** Data follows **

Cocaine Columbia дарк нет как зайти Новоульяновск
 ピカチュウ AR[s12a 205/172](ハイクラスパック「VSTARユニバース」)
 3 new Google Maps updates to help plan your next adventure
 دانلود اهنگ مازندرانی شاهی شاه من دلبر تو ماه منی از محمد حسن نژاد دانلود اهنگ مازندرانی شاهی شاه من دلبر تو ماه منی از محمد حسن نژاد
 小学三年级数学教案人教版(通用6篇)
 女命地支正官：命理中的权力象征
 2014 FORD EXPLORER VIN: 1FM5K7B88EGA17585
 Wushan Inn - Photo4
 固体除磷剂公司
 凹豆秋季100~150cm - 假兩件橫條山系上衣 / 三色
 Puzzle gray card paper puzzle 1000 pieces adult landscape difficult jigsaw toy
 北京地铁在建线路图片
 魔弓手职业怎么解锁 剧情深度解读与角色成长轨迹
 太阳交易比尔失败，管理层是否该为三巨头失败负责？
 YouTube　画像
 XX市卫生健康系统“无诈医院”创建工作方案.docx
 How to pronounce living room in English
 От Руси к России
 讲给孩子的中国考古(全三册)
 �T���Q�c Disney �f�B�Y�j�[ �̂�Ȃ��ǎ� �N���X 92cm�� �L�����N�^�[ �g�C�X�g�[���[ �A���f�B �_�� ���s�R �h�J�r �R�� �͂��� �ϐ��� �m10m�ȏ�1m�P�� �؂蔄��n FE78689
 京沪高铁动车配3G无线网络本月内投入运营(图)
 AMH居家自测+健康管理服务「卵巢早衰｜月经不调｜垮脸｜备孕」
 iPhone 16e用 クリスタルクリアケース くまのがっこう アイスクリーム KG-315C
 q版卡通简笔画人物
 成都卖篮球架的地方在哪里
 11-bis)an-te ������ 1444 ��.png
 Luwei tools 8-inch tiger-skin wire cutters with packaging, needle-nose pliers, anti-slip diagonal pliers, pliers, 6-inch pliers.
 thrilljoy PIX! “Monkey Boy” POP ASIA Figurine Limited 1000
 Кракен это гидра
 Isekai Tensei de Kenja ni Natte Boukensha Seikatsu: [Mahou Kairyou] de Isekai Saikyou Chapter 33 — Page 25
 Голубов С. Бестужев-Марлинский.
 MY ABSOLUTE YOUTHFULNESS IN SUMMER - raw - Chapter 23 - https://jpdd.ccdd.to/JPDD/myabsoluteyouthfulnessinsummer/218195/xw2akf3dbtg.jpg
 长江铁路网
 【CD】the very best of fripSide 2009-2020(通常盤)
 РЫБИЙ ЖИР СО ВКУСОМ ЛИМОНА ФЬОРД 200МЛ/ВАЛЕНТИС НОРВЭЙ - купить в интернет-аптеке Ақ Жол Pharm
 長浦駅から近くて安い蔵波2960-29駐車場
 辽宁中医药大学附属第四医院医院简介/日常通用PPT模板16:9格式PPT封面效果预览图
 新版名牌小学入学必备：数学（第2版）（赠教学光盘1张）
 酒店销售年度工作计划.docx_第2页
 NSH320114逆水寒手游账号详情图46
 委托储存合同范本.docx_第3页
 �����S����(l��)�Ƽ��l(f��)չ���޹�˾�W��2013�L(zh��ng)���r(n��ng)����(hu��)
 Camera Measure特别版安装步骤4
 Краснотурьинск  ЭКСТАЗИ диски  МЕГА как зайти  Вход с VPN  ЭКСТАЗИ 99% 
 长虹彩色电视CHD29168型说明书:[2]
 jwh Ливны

** End of Data **

What this task involves:
With no line skipped, copy the entries exactly as written.

Task result:
Cocaine Columbia дарк нет как зайти Новоульяновск
 ピカチュウ AR[s12a 205/172](ハイクラスパック「VSTARユニバース」)
 3 new Google Maps updates to help plan your next adventure
 دانلود اهنگ مازندرانی شاهی شاه من دلبر تو ماه منی از محمد حسن نژاد دانلود اهنگ مازندرانی شاهی شاه من دلبر تو ماه منی از محمد حسن نژاد
 小学三年级数学教案人教版(通用6篇)
 女命地支正官：命理中的权力象征
 2014 FORD EXPLORER VIN: 1FM5K7B88EGA17585
 Wushan Inn - Photo4
 固体除磷剂公司
 凹豆秋季100~150cm - 假兩件橫條山系上衣 / 三色
 Puzzle gray card paper puzzle 1000 pieces adult landscape difficult jigsaw toy
 北京地铁在建线路图片
 魔弓手职业怎么解锁 剧情深度解读与角色成长轨迹
 太阳交易比尔失败，管理层是否该为三巨头失败负责？
 YouTube　画像
 XX市卫生健康系统“无诈医院”创建工作方案.docx
 How to pronounce living room in English
 От Руси к России
 讲给孩子的中国考古(全三册)
 �T���Q�c Disney �f�B�Y�j�[ �̂�Ȃ��ǎ� �N���X 92cm�� �L�����N�^�[ �g�C�X�g�[���[ �A���f�B �_�� ���s�R �h�J�r �R�� �͂��� �ϐ��� �m10m�ȏ�1m�P�� �؂蔄��n FE78689
 京沪高铁动车配3G无线网络本月内投入运营(图)
 AMH居家自测+健康管理服务「卵巢早衰｜月经不调｜垮脸｜备孕」
 iPhone 16e用 クリスタルクリアケース くまのがっこう アイスクリーム KG-315C
 q版卡通简笔画人物
 成都卖篮球架的地方在哪里
 11-bis)an-te ������ 1444 ��.png
 Luwei tools 8-inch tiger-skin wire cutters with packaging, needle-nose pliers, anti-slip diagonal pliers, pliers, 6-inch pliers.
 thrilljoy PIX! “Monkey Boy” POP ASIA Figurine Limited 1000
 Кракен это гидра
 Isekai Tensei de Kenja ni Natte Boukensha Seikatsu: [Mahou Kairyou] de Isekai Saikyou Chapter 33 — Page 25
 Голубов С. Бестужев-Марлинский.
 MY ABSOLUTE YOUTHFULNESS IN SUMMER - raw - Chapter 23 - https://jpdd.ccdd.to/JPDD/myabsoluteyouthfulnessinsummer/218195/xw2akf3dbtg.jpg
 长江铁路网
 【CD】the very best of fripSide 2009-2020(通常盤)
 РЫБИЙ ЖИР СО ВКУСОМ ЛИМОНА ФЬОРД 200МЛ/ВАЛЕНТИС НОРВЭЙ - купить в интернет-аптеке Ақ Жол Pharm
 長浦駅から近くて安い蔵波2960-29駐車場
 辽宁中医药大学附属第四医院医院简介/日常通用PPT模板16:9格式PPT封面效果预览图
 新版名牌小学入学必备：数学（第2版）（赠教学光盘1张）
 酒店销售年度工作计划.docx_第2页
 NSH320114逆水寒手游账号详情图46
 委托储存合同范本.docx_第3页
 �����S����(l��)�Ƽ��l(f��)չ���޹�˾�W��2013�L(zh��ng)���r(n��ng)����(hu��)
 Camera Measure特别版安装步骤4
 Краснотурьинск  ЭКСТАЗИ диски  МЕГА как зайти  Вход с VPN  ЭКСТАЗИ 99% 
 长虹彩色电视CHD29168型说明书:[2]
 jwh Ливны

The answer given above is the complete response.